Demotispa monteverdensis

Scientific classification
- Kingdom: Animalia
- Phylum: Arthropoda
- Clade: Pancrustacea
- Class: Insecta
- Order: Coleoptera
- Suborder: Polyphaga
- Infraorder: Cucujiformia
- Family: Chrysomelidae
- Genus: Demotispa
- Species: D. monteverdensis
- Binomial name: Demotispa monteverdensis (Borowiec, 2000)
- Synonyms: Stilpnaspis monteverdensis Borowiec, 2000;

= Demotispa monteverdensis =

- Genus: Demotispa
- Species: monteverdensis
- Authority: (Borowiec, 2000)
- Synonyms: Stilpnaspis monteverdensis Borowiec, 2000

Species of beetle

Demotispa monteverdensis is a species of beetle of the family Chrysomelidae. It is found in Costa Rica.

==Description==
Adults reach a length of about 4.1-4.5 mm.

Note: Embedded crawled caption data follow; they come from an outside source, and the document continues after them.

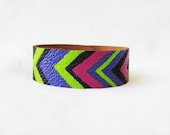 NEON TRIBAL CHEVRON green pink and purple-- 2 cm  or 6/8 inch Black Leather Bracelet / Cuff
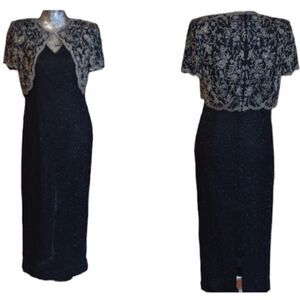 Stenay gown silk beaded maxi dress black with silver shrug v neck 8
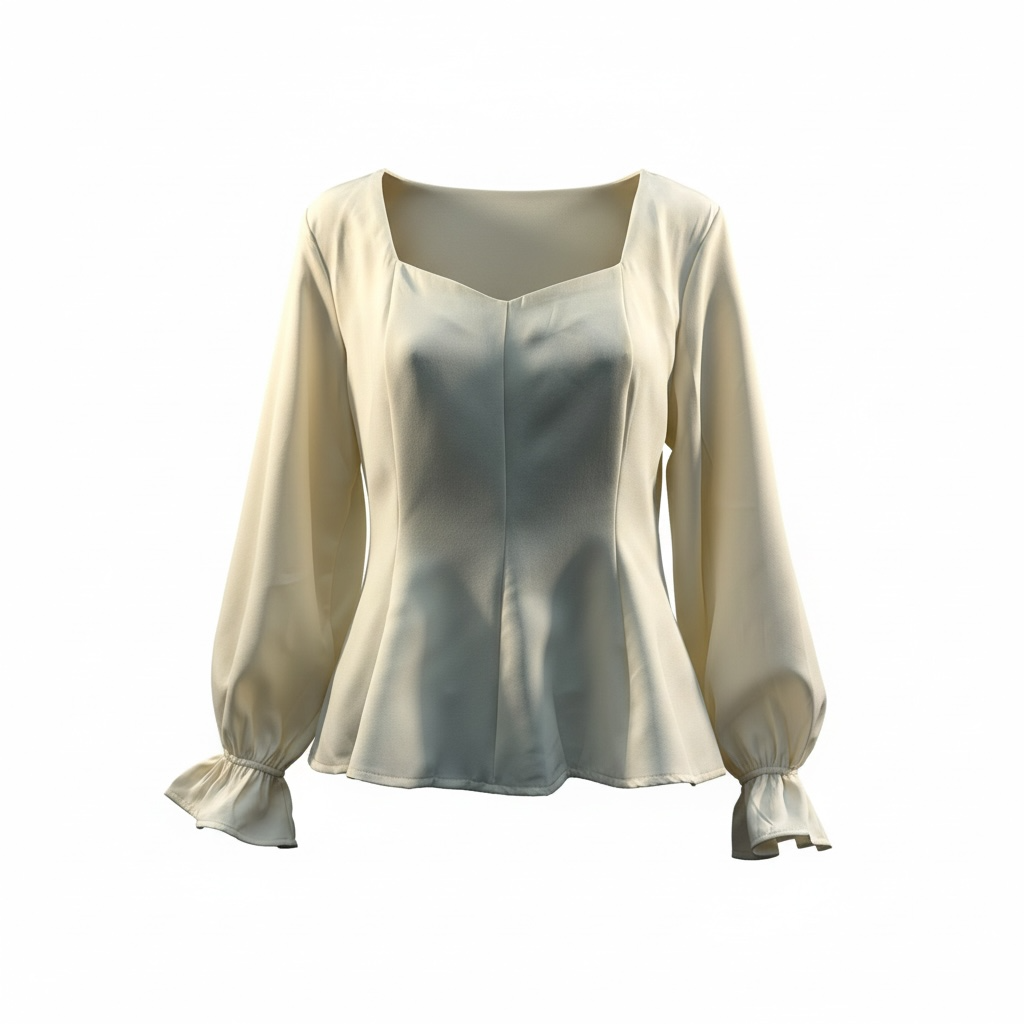Shein blouse beige maat L mooie mouwdetails | Shein blouse beige size L beautiful sleeve details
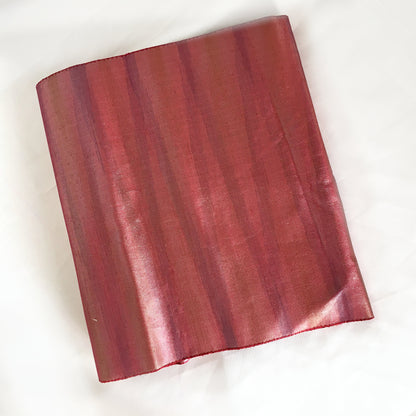 Simple Nagoya obi - metallic wine red with subtle purple and yellow stripes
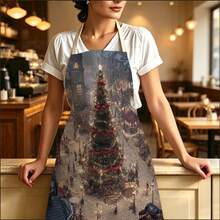 1pc Christmas Vintage Christmas Town Print Apron - Sleeveless Design, Durable And Comfortable Fit, Featuring Giant Christmas Tree In Square, Red Ribbon Lights And Snowy Old Street Architecture Pattern, Suitable For Cooking, Baking And Home Cleaning, Household Cleaning, Housework Apron, Hand-Painted Holiday Gardening Apron, Fun Christmas Holiday Gift - Multicolor - View 1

They have a yellow head and legs, while the pronotal disc is argillaceous, and the elytral disc and inner part of margin of the elytra are argillaceous-red. The basal six segments of the antennae are yellow, segment 7 is infuscate and segments 8-11 are black.

==Life history==
No host plant has been documented for this species.

==Etymology==
The species is named after the type location, Monteverde Province in Costa Rica.